Риан продолжает говорить, и голос его становится тяжелее, весомее с каждым словом.

— Это красивая маска, Лиан. С нами играют, управляют нашими поступками, мыслями, порывами. Вспомни, как жила твоя семья все эти годы. Много добра ты видела от ардере? Кто-нибудь из них пришел на помощь, когда вы голодали? Кто-то лечил заболевших, помог потерявшим дом и достаток? Быть может, они просто глухи и слепы и не знают, что происходит за Стеной? Какая разница, поступают они так по глупости или намеренно?

— Это не их земля, вы же знаете, — вздыхаю устало. — Да, их равнодушие и расчетливость неприятны, но нас ведь тоже не волнуют их проблемы, со своими бы разобраться. Просто… — я всё-таки сажусь, откидываюсь на спинку стула и закрываю глаза ладонями, — …мы так далеки друг от друга. Не видим, не слышим, не желаем понять.

— Так помоги всем нам! — Риан отводит мои руки от лица, крепко-крепко сжимает ладони. — От тебя сейчас зависит, будем ли мы и дальше прятаться по разные стороны Стены или наконец признаем: этот мир принадлежит двум народам в равной мере.

Риан поддевает пальцем мой подбородок, заставляет взглянуть в глаза.

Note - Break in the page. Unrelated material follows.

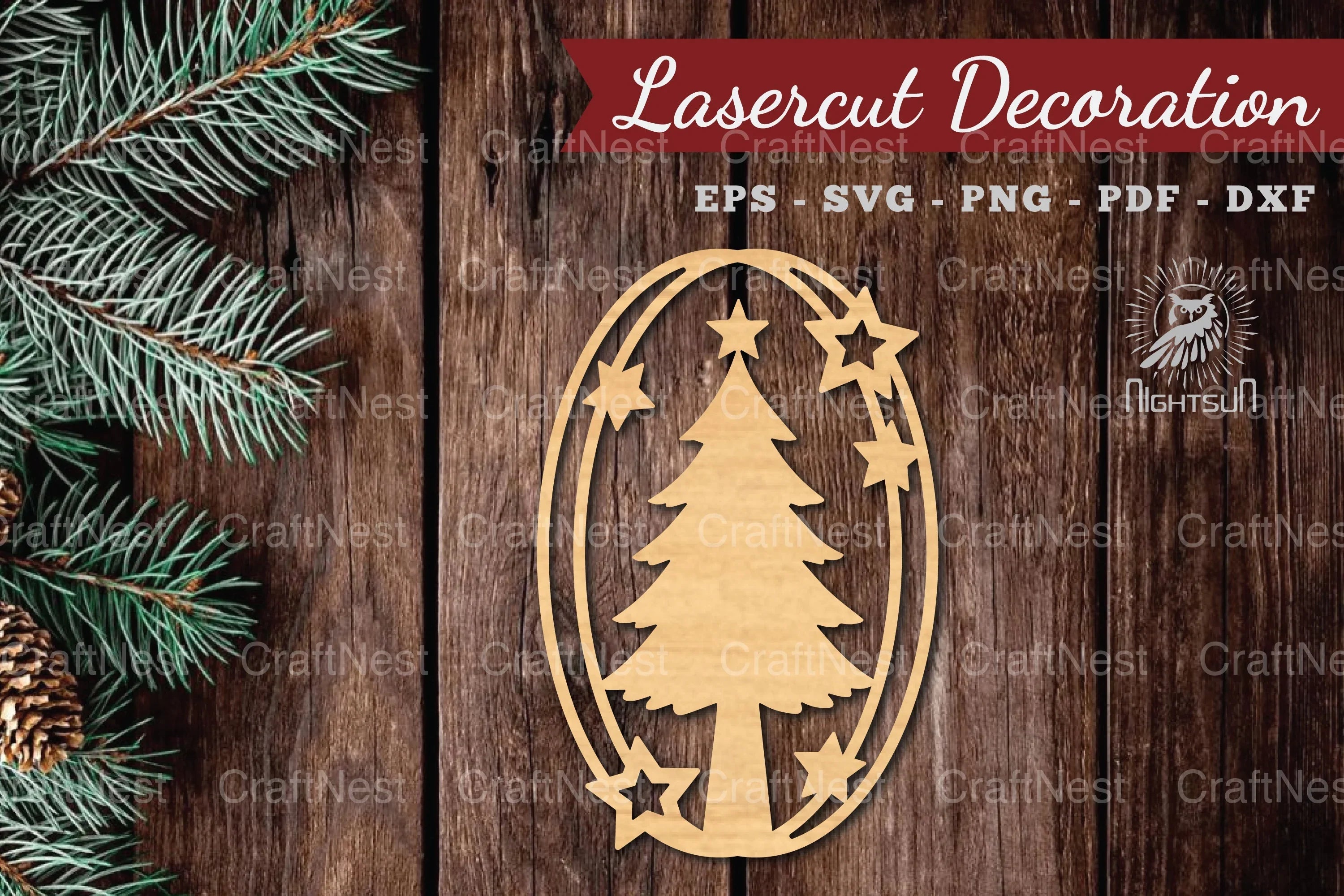 Christmas Tree Laser Cut Decoration Clipart Bundle - CraftNest - Digital Crafting and Art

— Я подошел к разгадке так близко, что теперь поздно отступать! Ты сможешь, я верю. Ты храбрая, верная, сильная, любишь свою семью, ведь правда? Это всё ради них, ты же знаешь, и ради сотен других семей.

— Но что произойдет, если Стена падет? Новая война?

— Нет, не думаю, хоть и не знаю наверняка, но чувствую: если ничего не поменять сейчас, когда представился шанс, следующей возможности придется ждать веками. Подумай, сколько людей за это время окажутся за гранью, там, откуда нет возврата. Ты хочешь взять на себя ответственность за их судьбы?

— Я… Я не знаю, чего хочу! — выкрикиваю с мукой.

— Так позволь мне облегчить твое бремя, девочка. Это решение принимаю я, и отвечать за него тоже мне. Веришь ли ты, что я желаю блага тебе, Лиан? Блага всем людям, как и положено служителю Прародителей? Или из страха или от слабости духа обвинишь меня в корысти? — в глазах его плещется неподдельная горечь, голос дрожит и срывается. — Тогда ты ничем не лучше, чем эти надменные ардере.